To understand the full implication of a 40%–55% transient reduction in PKA activity on the phosphorylation status of dyadic proteins, it is necessary to have estimates of the level of activity (relative to theoretical maximum in vitro) required to maintain or increase the phosphorylation of the various proteins and channels residing in the dyadic cleft; however the empirical information regarding this region is not currently available. Our model does not attempt to predict the effect increasing CaATP may have on other dyadic enzymes, such as the phosphatases opposing PKA activity. Phosphatase activity is unlikely to be modulated by an increase in CaATP, as ATP is not a substrate, but the high [Ca²⁺]_dyad alone could affect Ca²⁺-dependent phosphatases, although the effect on PKA described would be in addition to any other factors modulating dyad phosphorylation status. Recent models (17) have proposed that PKA is targeted to the dyad through muscle A kinase anchoring protein (mAKAP) as part of the RYR macromolecular complex. If this is the case it would lead to a high ratio of enzyme/substrate. This may counter some of the effect of CaATP on PKA and reflect a requirement for robust phosphorylation level of local proteins, although in this PKA-targeted model, PKA would be localized near the channel mouth and therefore experience the greatest level of inhibition predicted by our simulation.

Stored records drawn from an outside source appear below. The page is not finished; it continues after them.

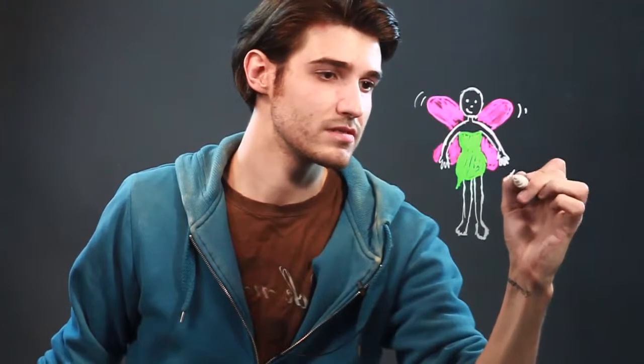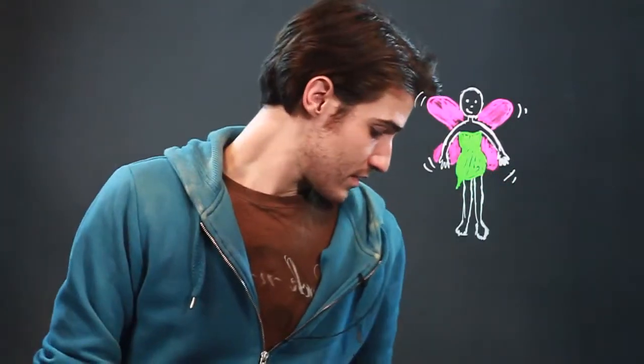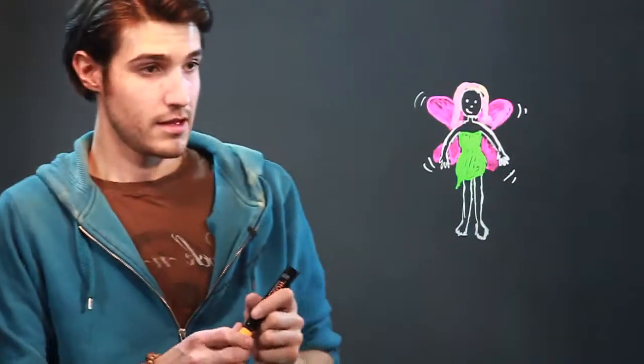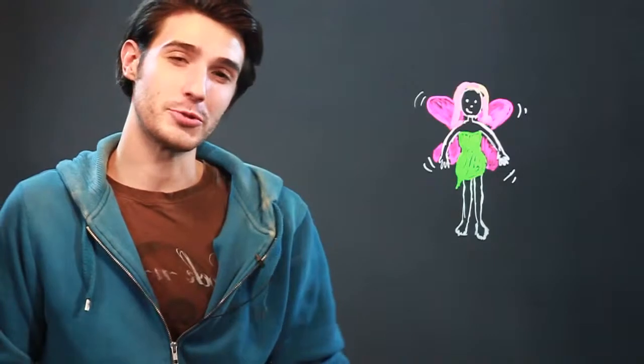And if you want, you can do some little lines on the side to show that she's flying. You could also get your orange and maybe give her some flowy hair. All right guys, that's how you draw a fairy for children. Good luck!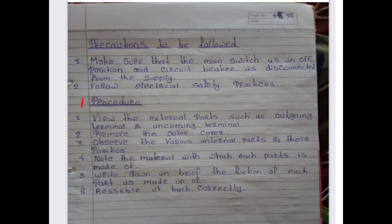Follow electrical safety practices. Procedure: first, view external parts such as outgoing and incoming terminals; second, remove the outer cover; third, observe various internal parts and their positions; fourth, note the material each part is made of; fifth, write briefly the function of each part; sixth, reassemble correctly. This completes practical number six.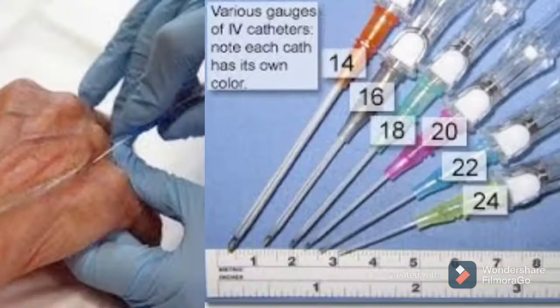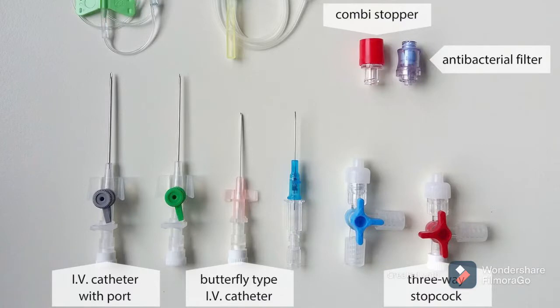Hi everyone, welcome to Nursing with CG. In this video you're going to learn about how to place an IV. The first step is the selection of the catheter, which is based on the patient's age, size, and the purpose of the placement.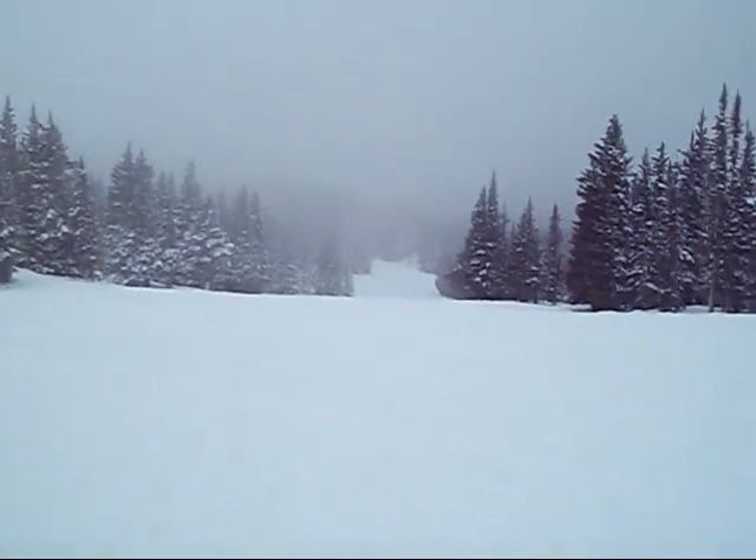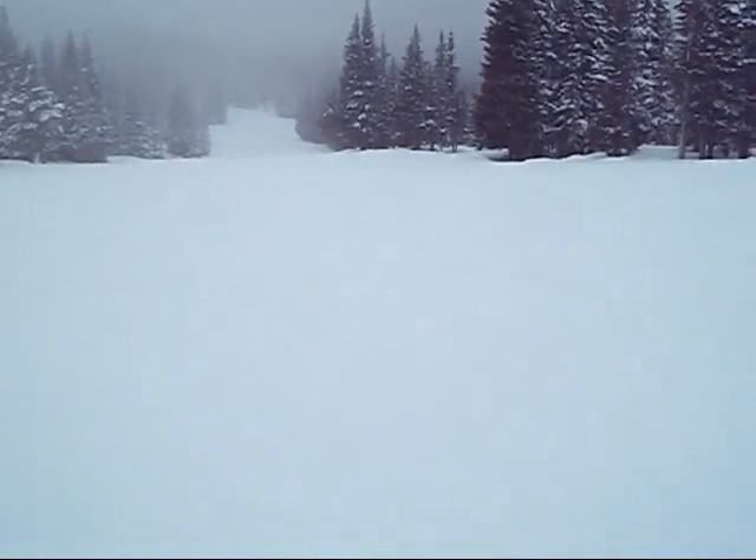All right, here we go again. This time we're going to try to film crashing on a green slope. This is a beginner slope.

There are perhaps greater implications for the effect of CaATP at higher stimulation frequencies. As there are no major Ca²⁺ removal mechanisms described as being located within the dyadic cleft, the major factors influencing [Ca²⁺]_dyad are Ca²⁺ entry and the diffusion rate through and out of the dyad. This would suggest that at higher stimulation frequencies (i.e., during exercise or those found in small mammals), where diffusion rates and Ca²⁺ entry would remain the same, [Ca²⁺]_dyad would remain at elevated levels for much more of the transient. At a contraction frequency of ∼3 Hz (human during exercise) our current model would suggest [Ca²⁺]_dyad remains ∼10 μM for half of the contraction cycle, this would equate to a 14%–24% reduction in activity even at diastole. In small mammals Peskoff et al. (6) have suggested that at a frequency of ∼7 Hz (a typical heart rate of rats), the [Ca²⁺]_dyad remains above 100 μM for half of the contraction cycle. This would lead to a chronic reduction in PKA activity (∼30% reduction during diastole), agreeing well with the integration of our data, suggesting an average reduction in PKA activity throughout a Ca²⁺ transient at 7 Hz stimulation frequency of 28%. It would be interesting to examine what strategies are employed in these situations to achieve rapid and efficient phosphorylation of target proteins in an environment unfavorable to protein kinase action.